It might not seem an obvious link, but writing a self care journal is part of your journey to a more sustainable life. I’ve put together some top tips about how you can get journalling and reap the benefits for your well being.
But how does writing a self care journal link to sustainability?
I’ve recently started journal writing as a means to help settle my mind before I go to sleep. For me it’s a way of expressing feelings that can otherwise preoccupy me. This type of writing fits well with my daily ritual of meditation. You might think it’s strange for me, a sustainability professional, to be writing about journalling. But to me it is part of my approach to sustainability. Sustaining myself through self care means that I can carry on with my campaigning.
What is expressive journal writing?
Journal writing is about recording personal insights, thoughts and reflections about particular personal topics. I have been exploring a technique called ‘expressive writing’. Expressive writing for me is simply to spend time writing about my feelings, those that are recurring and that could be bothering me.
Journaling, or expressive writing, was first investigated as a mechanism for self care by Professor James Pennebacker in the 1980s. His research showed that expressive writing could boost immunity and help healing. He even found that it reduced visits to the Doctor’s, improved the immune system and even decreased the time it took for wounds to heal!

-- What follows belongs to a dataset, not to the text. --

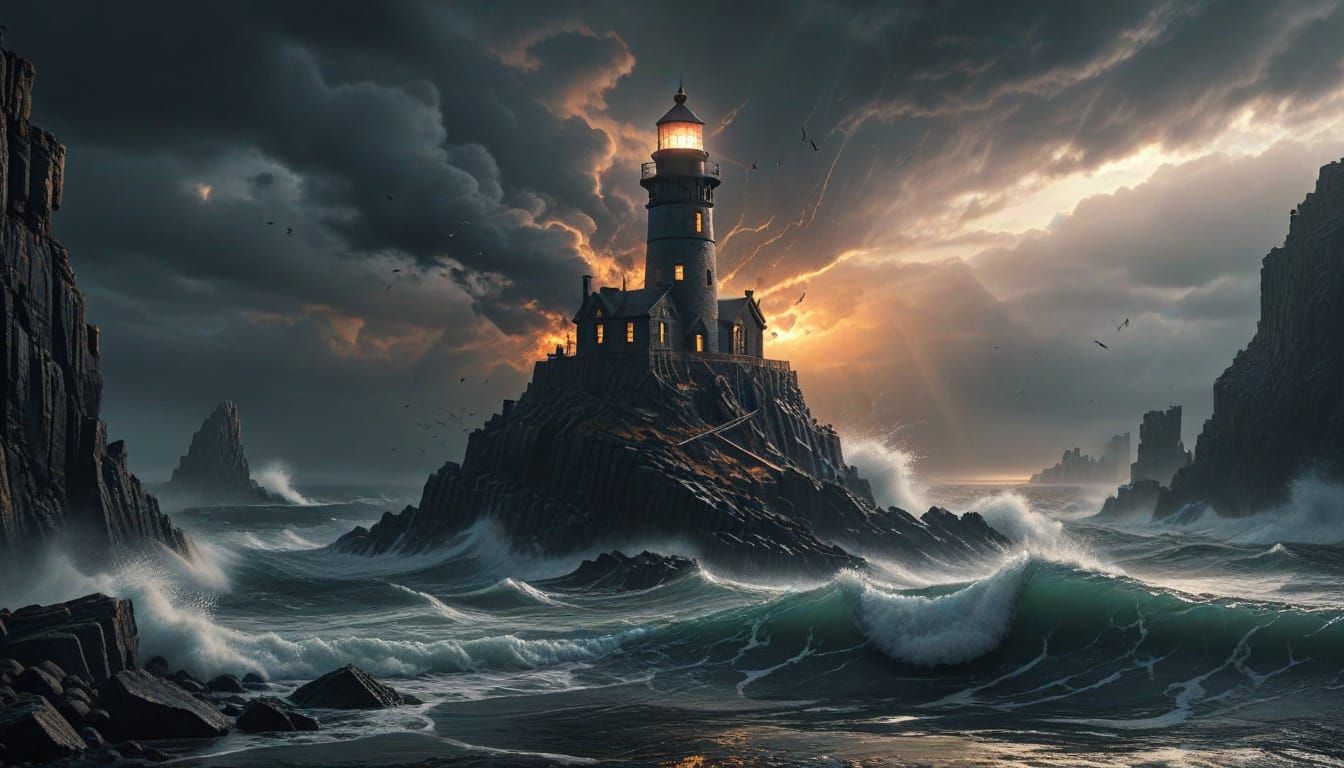 Picture a fantasy scene of an obsidian lighthouse made of tiers of intricate ledges with Gothic architecture on a rocky coast, glowing throu...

How to start your self care journal
It’s easy to start this type of expressive writing. Just set aside 15 minutes to write about any worries that you may have. I do my writing before I go to bed. The idea is not to censor yourself but let it flow. Laugh or cry if that’s what you feel the need to do. I like to combine my writing with a gratitude diary – writing down 5 things that I am grateful for. Another way to live more mindfully and reap the benefits of self reflection and acceptance.

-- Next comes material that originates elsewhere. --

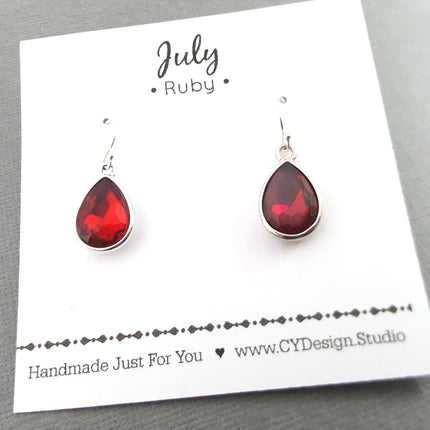 July Birthstone Earrings - Crystal Teardrop Earrings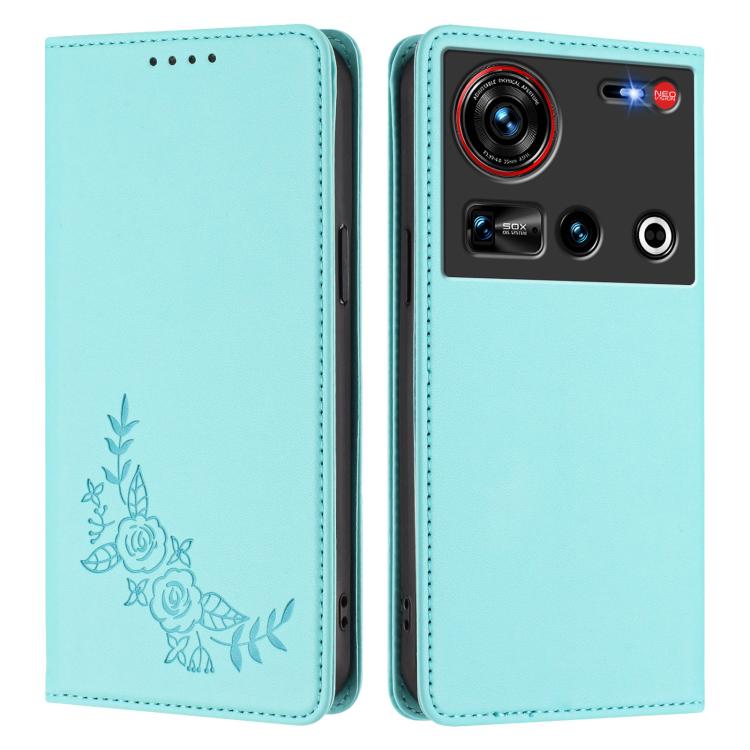 For ZTE nubia Z70 Ultra / Z70S Ultra Peony Embossed Magnetic RFID Vegan Leather Phone Case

My 10 top tips for writing a self care journal
1. Set aside just 15 minutes a day
2. Choose a time when you won’t be disturbed
3. You can write about anything, your worries are a good start
4. Don’t censor yourself, just record whatever comes into your thoughts
5. Grammar doesn’t matter, it’s more about the act of writing
6. There is no need to keep what you write. You don’t even need to read it back to benefit from this technique
7. You don’t need any special books or pens, but if you want them, go right ahead and choose some
8. Don’t beat yourself up if you miss a day, just start again the next day
9. Whatever comes up when you’re writing is just fine. It’s OK to cry, or even laugh when you’re writing.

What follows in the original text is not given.